Grit was diagnosed with triple negative breast cancer in January 2016 and shortly after learned she had the BRCA1 gene mutation, putting her at very high risk for recurrence. During neoadjuvant chemo, her surgeon offered reconstruction as the default and her only choice was what KIND of reconstruction. Her instinct was to reject reconstruction, but everyone around her seemed to expect her to reconstruct. Finally, she had a moment of clarity: “It’s my breasts or NOTHING!” She began searching online for support but found nothing. When she told her surgeon she’d decided to go flat, the surgeon’s response was “You want me to mutilate you?” Luckily, Grit met a flat woman in a BRCA support group who gave her the confidence to stick to her guns, and she has been flat and happy with her decision ever since.

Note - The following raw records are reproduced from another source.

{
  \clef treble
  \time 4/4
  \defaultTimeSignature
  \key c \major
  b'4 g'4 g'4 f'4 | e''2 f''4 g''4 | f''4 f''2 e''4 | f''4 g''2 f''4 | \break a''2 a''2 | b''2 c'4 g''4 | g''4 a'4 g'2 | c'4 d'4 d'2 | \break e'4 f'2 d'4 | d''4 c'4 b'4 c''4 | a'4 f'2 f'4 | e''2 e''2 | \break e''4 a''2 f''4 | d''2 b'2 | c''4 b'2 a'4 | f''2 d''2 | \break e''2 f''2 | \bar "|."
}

Heike’s mother and sister were both diagnosed with breast cancer. Her mother wore prostheses religiously, and her sister opted for implant reconstruction before passing away shortly after from metastatic breast cancer. They never spoke about their experience nor showed their scars. Two years after her sister passed away, Heike was diagnosed and discovered she had the BRCA2 gene mutation. As a single mother of a ten year old, she wanted to heal as quickly as possible. And she didn’t want a foreign body inside of her. Heike has never once regretted her decision and accepts her new body. She wears her flat chest proudly to show other women that there is no shame in breast cancer and to honor those whose lives have been taken by the disease.

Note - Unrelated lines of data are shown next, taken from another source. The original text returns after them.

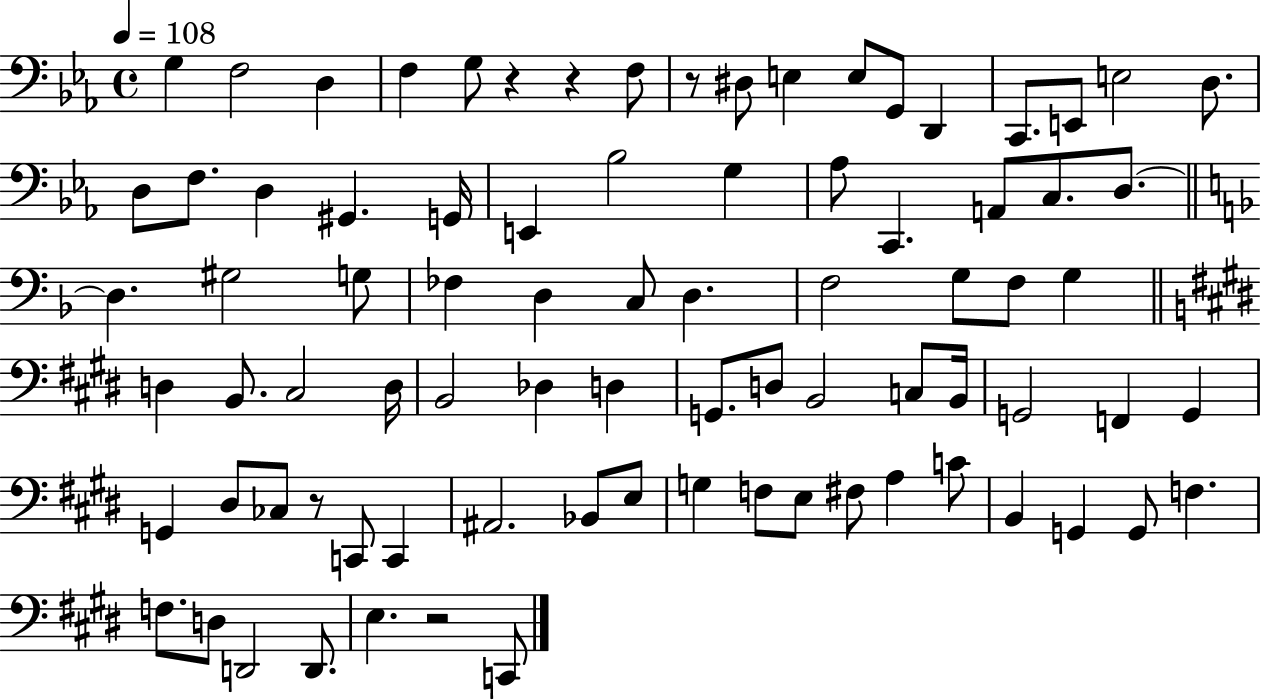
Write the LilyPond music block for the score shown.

{
  \clef bass
  \time 4/4
  \defaultTimeSignature
  \key ees \major
  \tempo 4 = 108
  g4 f2 d4 | f4 g8 r4 r4 f8 | r8 dis8 e4 e8 g,8 d,4 | c,8. e,8 e2 d8. | \break d8 f8. d4 gis,4. g,16 | e,4 bes2 g4 | aes8 c,4. a,8 c8. d8.~~ | \bar "||" \break \key d \minor d4. gis2 g8 | fes4 d4 c8 d4. | f2 g8 f8 g4 | \bar "||" \break \key e \major d4 b,8. cis2 d16 | b,2 des4 d4 | g,8. d8 b,2 c8 b,16 | g,2 f,4 g,4 | \break g,4 dis8 ces8 r8 c,8 c,4 | ais,2. bes,8 e8 | g4 f8 e8 fis8 a4 c'8 | b,4 g,4 g,8 f4. | \break f8. d8 d,2 d,8. | e4. r2 c,8 | \bar "|."
}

Ngozi is a lawyer turned entrepreneur and breast cancer advocate. Her journey down this path started after her Stage 3 breast cancer diagnosis in 2016 when she found a lump and went on to have a modified radical mastectomy. She was given the option of reconstruction, but wasn’t in the mood for more surgeries.

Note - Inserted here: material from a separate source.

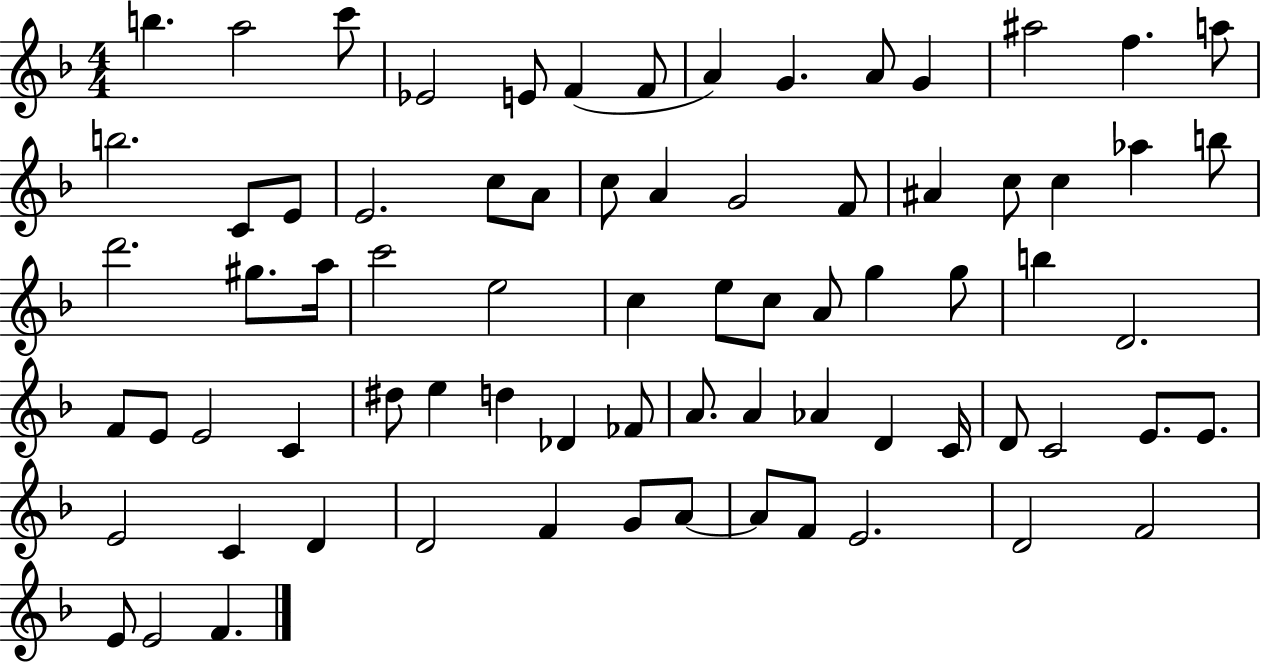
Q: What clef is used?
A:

She went online and discovered that there was no support for Nigerian Women living with Breast Cancer. She started sharing on her personal page and progressed to starting @whatcancernaija, her mission control tower on Instagram where she educates women on the need to be breast aware, proactive about their health and take charge of their bodies as knowledge is power.
Ngozi is on a mission to demystify breast cancer in Nigeria and passionate about changing the narrative behind the disease by getting women to understand the need to face breast cancer head on armed with the necessary information without fear or stigma, as well as championing the cause for patient experience in the management of breast cancer.
She enjoys traveling and taking pictures to show that breast cancer is not a death sentence and her own way of showing gratitude to God. She has decided to soar after her breast cancer experience. She is married with 3 kids.
She runs The Judah Foundation for Breast Cancer where main focus is on Survivorship and Life after breast cancer.
Her end goal is a world standard breast cancer center across regions in Nigeria. Confession: She loved her scar and didn’t understand that aesthetic closure was a thing. All she knew was that her surgeon did a fantastic job and that is the story behind how she started talking about what she calls clean lines after surgery. She is glad that it is now a cause for advocacy.